Guest Post By Dr. Samar Habib
Imagine a future where applying for a mortgage is as easy as ordering take out on your Yelp app. And in fact, if you’ve applied before, you could just re-submit your order, with any changes in your situation being automatically adjusted by invisible AI minion bots, which can compare two sets of financial data points before you could say anything at all.
Imagine a world where you could have your income verified on the spot, when you put in your apartment rental application, instead of scrambling for pay stubs and bank deposit statements.
Imagine being in the middle of a Cambodian flea market and buying your fresh produce with a flash of your phone over the seller’s QR Code. Now imagine having access to all this financial and transactional data from your phone, using a single app that connects you and your data to financial, government or private institutions at will.

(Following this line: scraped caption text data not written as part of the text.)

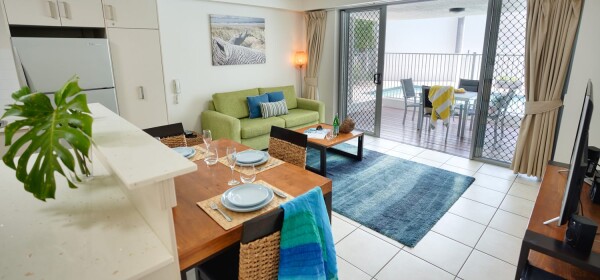 Coolum At The Beach Ground Floor One Bed Pool lounge dining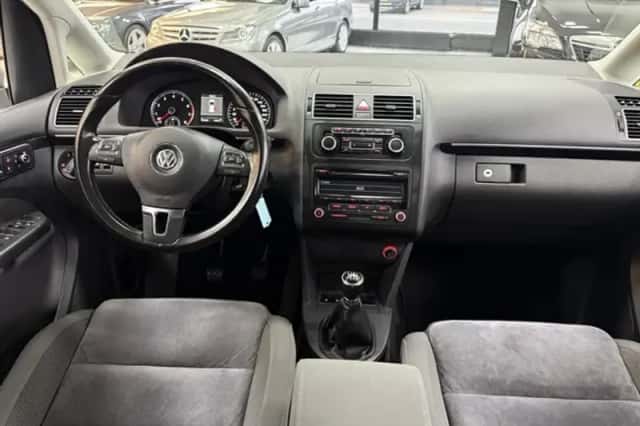 Volkswagen Touran (2011) thumbnail 4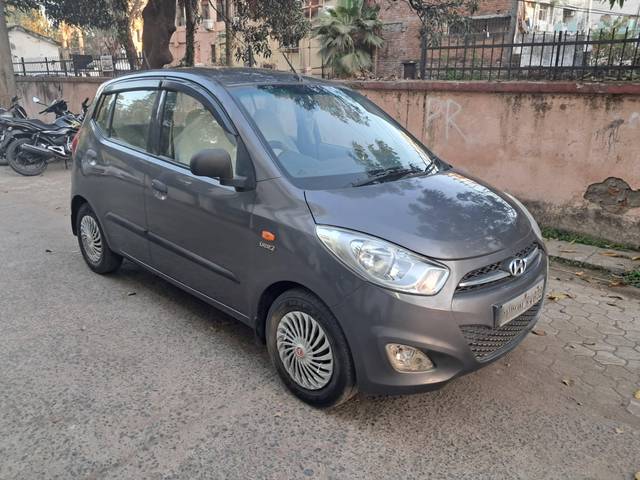 https://images10.gaadi.com/usedcar_image/4395642/original/processed_1651fc5b2a847f616e6ed361e85401a3.jpg?imwidth=6400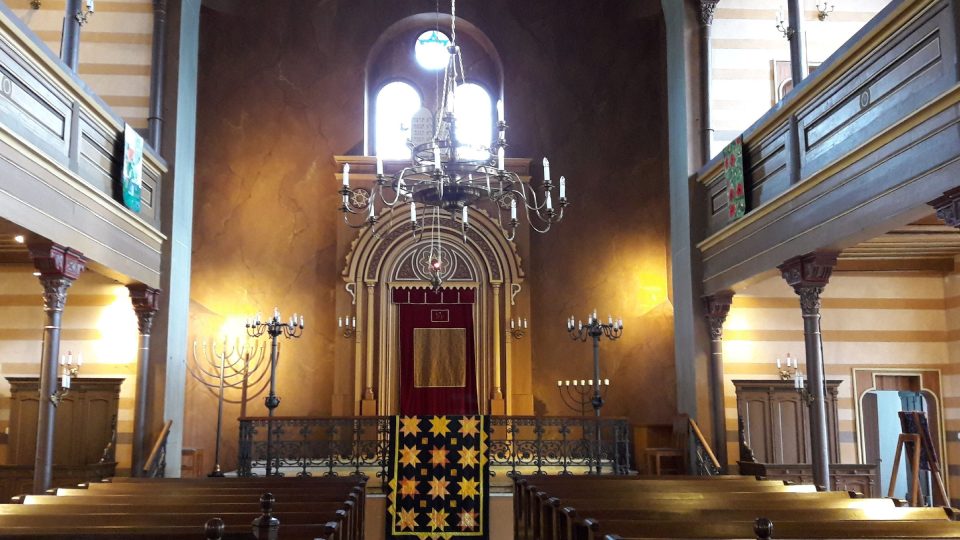 Krnovská synagoga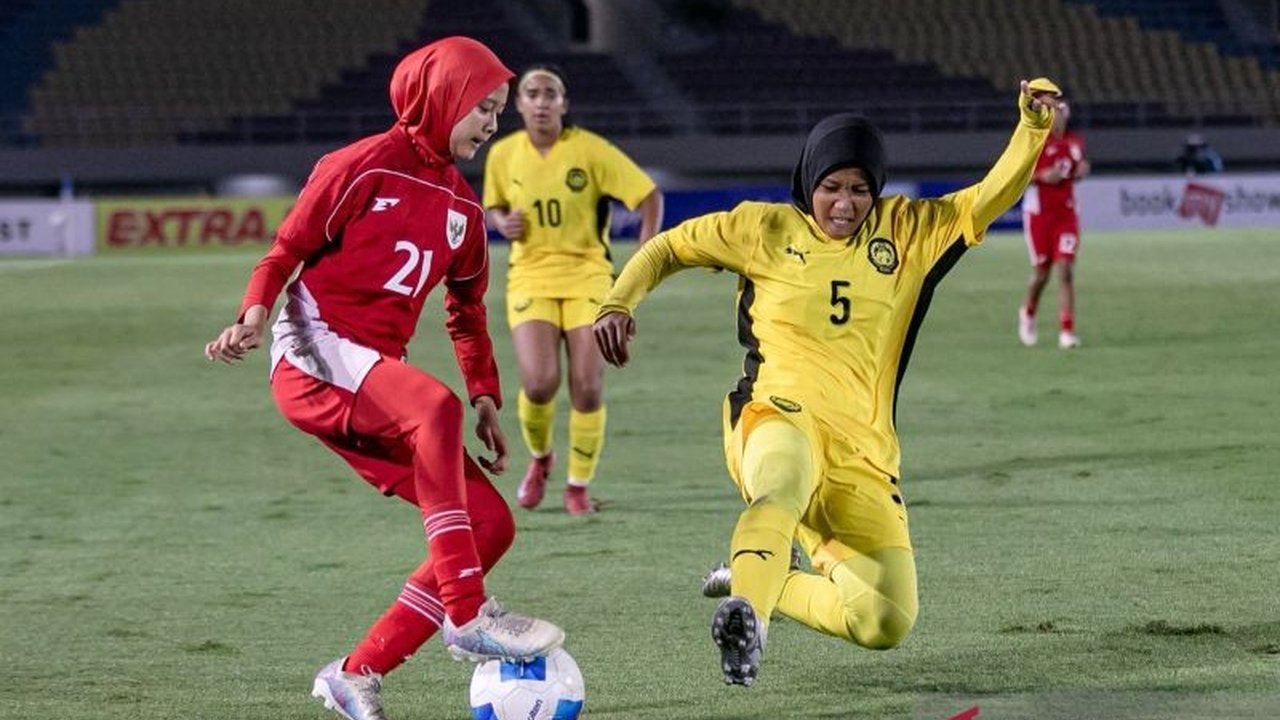 Langkah Timnas Putri Indonesia U16 di Kejuaraan ASEAN U16 harus terhenti setelah takluk 0-3 dari Australia. Siapa yang akan mereka hadapi di perebutan peringkat ketiga?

This is exactly the kind of seamless financial infrastructure that is being imagined and built by developer and business-facing platforms, pioneered by companies like Plaid, Xignite and Yodlee, which are providing financial APIs to the developing Western world. And I say “developing western world” here, with a full measure of tongue in cheek, because the realities I just asked you to imagine are well on their way to implementation in China. As far as technological implementation is concerned, China lives in our future. While our cashless payment infrastructure is highly fragmented, China enjoys an all-in-one platform called WeChat, which doubles up as a social networking site much like Facebook, as well, and which may soon replace government issued Social Security IDs in some provinces.
What this means is that China inhabits a virtually cardless, cashless universe. In the first financial quarter of 2017, mobile phone financial transactions (think Apple Pay), amounted to 18.8 trillion yuan, which was in fact 6 trillion more than the country’s GDP. By the fourth quarter of that year, the industry grew by a further 27.9%. It’s almost laughable to think that financial transactions inside a country can outweigh its GDP, but that’s possible only because these financial transactions include peer to peer payments, private sales and merchant transactions.
This is the future of money. We will soon be living in a seamless, AI managed, cashless and cardless world.
It is no wonder then that FinTech investments grew by 10% in 2016, to about 23 billion dollars globally. My bet is on AI powered financial technology infrastructures and the extremely promising superpowers of the up and coming quantum computers.
Not only is the future of money virtual, it’s also virtually seamless.